The new study, which was done by some of the same researchers, built on those findings to confirm other public health benefits.
“The effectiveness of infrastructural interventions in decreasing gun violence and crime and increasing perceptions of safety also offers a practical example of a public health approach that transcends the conventional model of targeting behavior change on an individual level,” the paper concluded.
To avoid contributing to trends of gentrification and the unintended displacement of residents, the researchers cleaned up the test lots using inexpensive methods of renewal. Restoring a large lot can cost up to $2,000 in upfront expenses such as seeds, tools and labor costs, MacDonald estimates. But after that, upkeep costs are minimal and don’t need to go beyond regular mowing and trash pick-up.
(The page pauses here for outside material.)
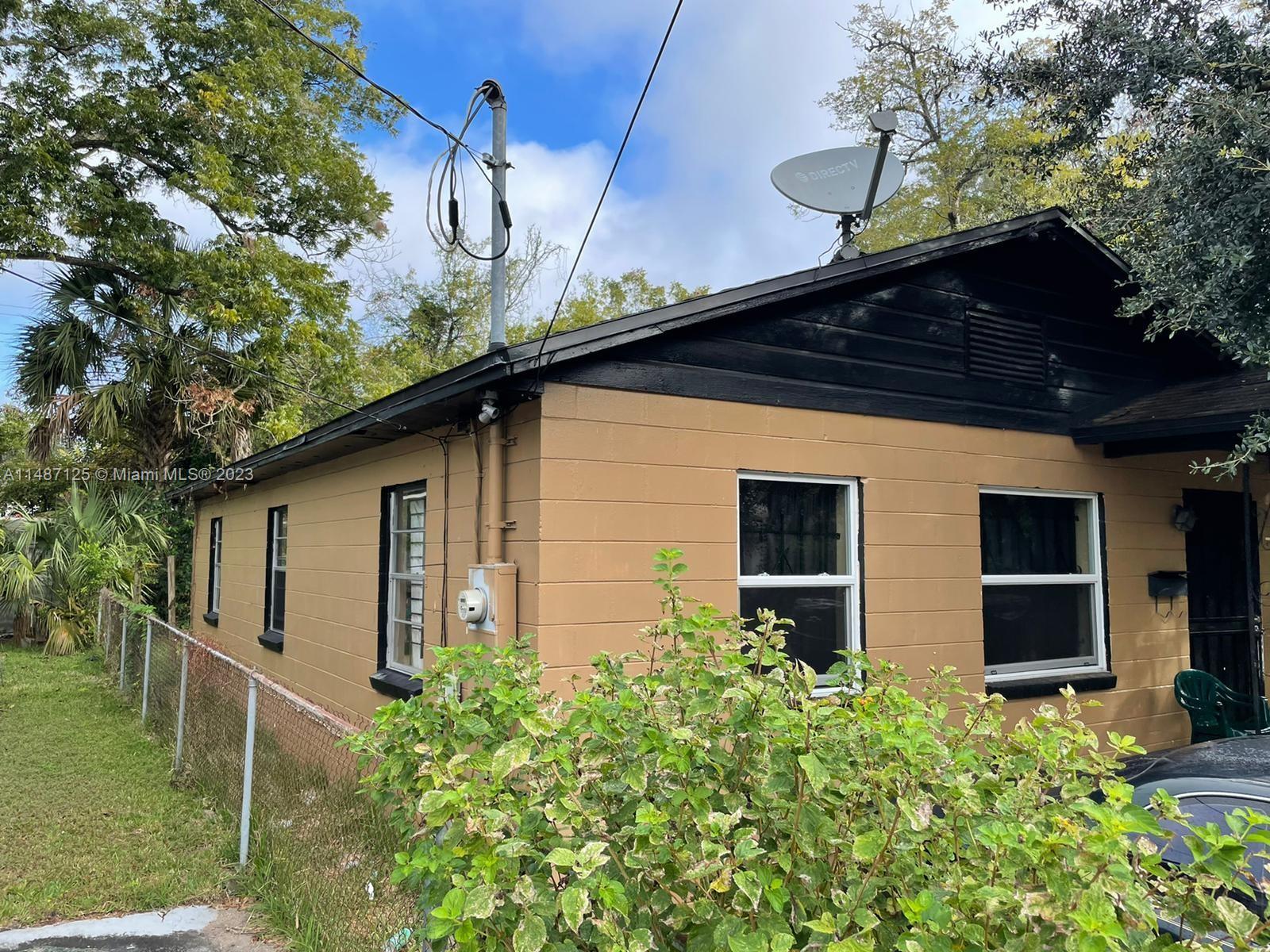1491 W 25th, Jacksonville FL 32209 photo 3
“This could be the segway to general urban redesign,” said MacDonald.
Philadelphia has more than 40,000 vacant lots. Some 800 of the parcels have become community spaces, many of which function as parks, gardens or farms, according to Public Interest Law Center’s Garden Justice League Initiative, a program offering legal support to community gardeners.
Kirtrina Baxter, a community organizer for the Garden Justice League Initiative, started working to turn Philadelphia’s empty lots into community green spaces in 2012. The study comes as no surprise to her, but she hopes it leads to policymakers taking her work and that of her peers more seriously.
“Hopefully, that’ll help with legislation that says these are good things and great things for our cities,” said Baxter, who also works with Soil Generation, a coalition of farmers, gardeners, and residents. “Maybe people will recognize now that the growing spaces we’re creating… are not only beneficial to our communities and each other but also beneficial to the city as a whole.”